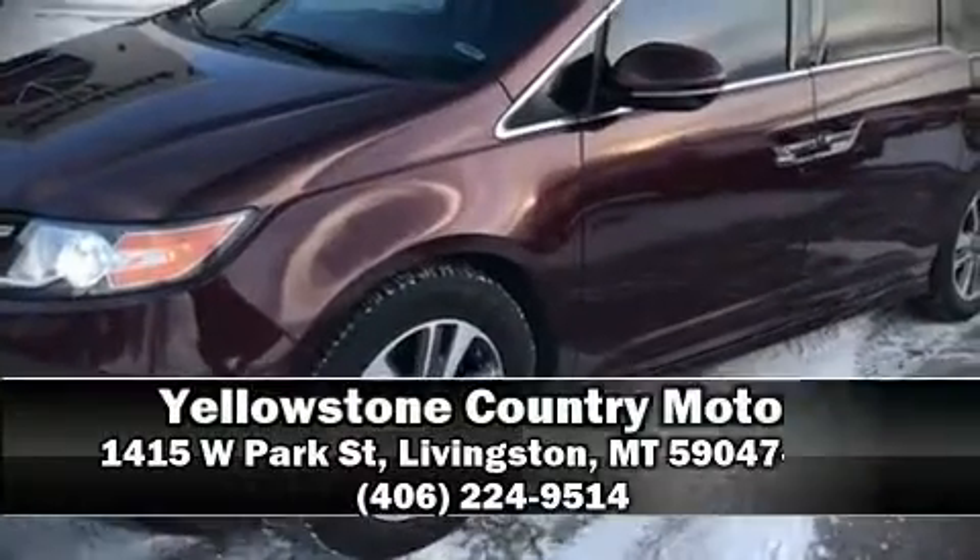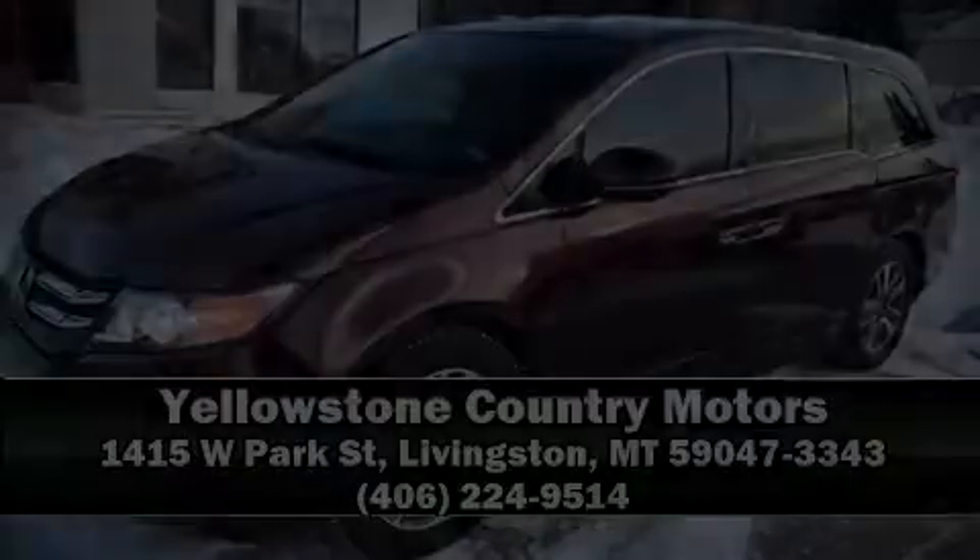Stop by our dealership or give us a call for more information.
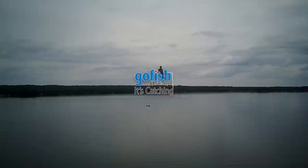The Extreme Walleye Angler is presented by Go Fish in Ontario. It's catching.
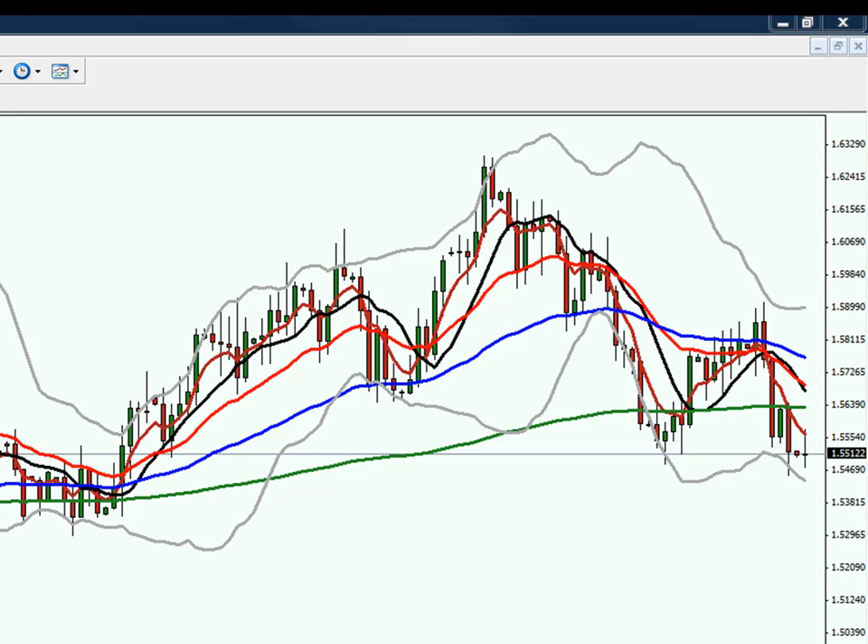Alright guys, let's just continue with our pound analysis. It's late in the year, the markets are thin — it's very much a take what you can get and step aside sort of trading right now. So anyway, here's cable.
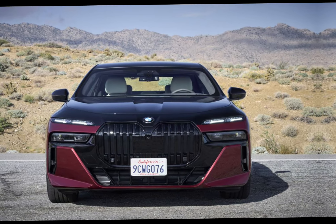Inside the cabin, the 2023 760i envelops occupants in a cocoon of luxury. Premium materials abound, with exquisite leather upholstery, finely crafted wood trim, and brushed metal accents adorning every surface.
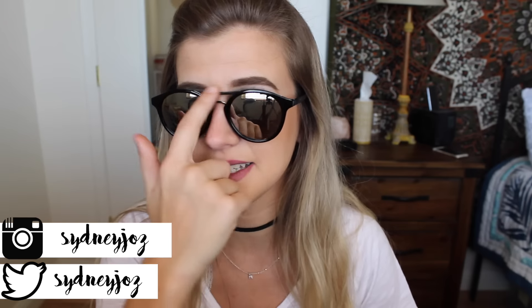Starting off at Forever 21, I got two pairs of sunglasses. These are just black with silver mirrored reflecting lenses, and this one right here is also silver. Then I got these fun guys — they're heart sunglasses, just fun and I love them. I can't wait to wear them all the time.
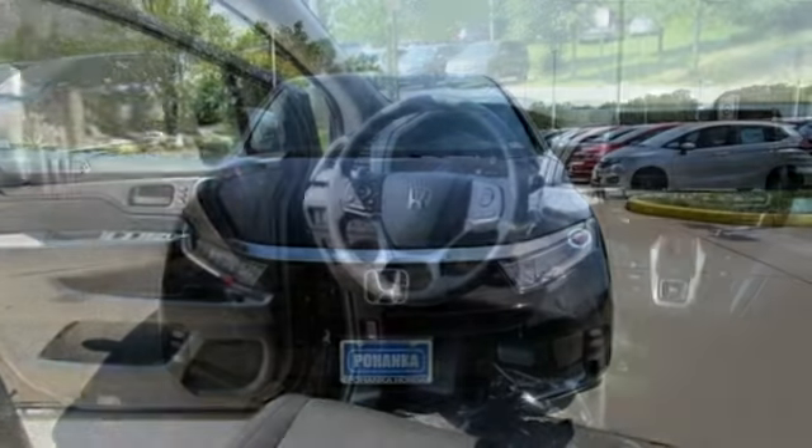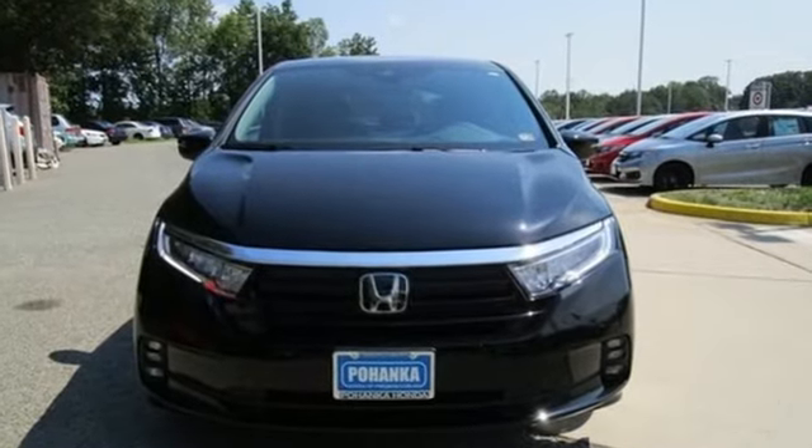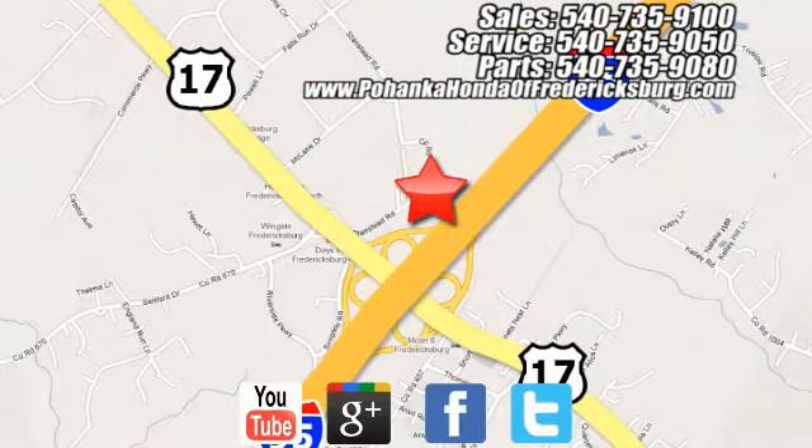Honda has a world-renowned reputation for reliability. See it for yourself when you take it for a test drive. Pohanka Honda of Fredericksburg is a great place to buy a car, conveniently located at 60 South Gateway Drive in Fredericksburg.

================

- **GOAL OF THE EXERCISE**: Please retype exactly the lines from the one containing "Inside the cabin, the" to the last line of the records above, both included, without any pictures.

- **TASK OUTPUT**:
Inside the cabin, the 2023 760i envelops occupants in a cocoon of luxury. Premium materials abound, with exquisite leather upholstery, finely crafted wood trim, and brushed metal accents adorning every surface.
Starting off at Forever 21, I got two pairs of sunglasses. These are just black with silver mirrored reflecting lenses, and this one right here is also silver. Then I got these fun guys — they're heart sunglasses, just fun and I love them. I can't wait to wear them all the time.
Honda has a world-renowned reputation for reliability. See it for yourself when you take it for a test drive. Pohanka Honda of Fredericksburg is a great place to buy a car, conveniently located at 60 South Gateway Drive in Fredericksburg.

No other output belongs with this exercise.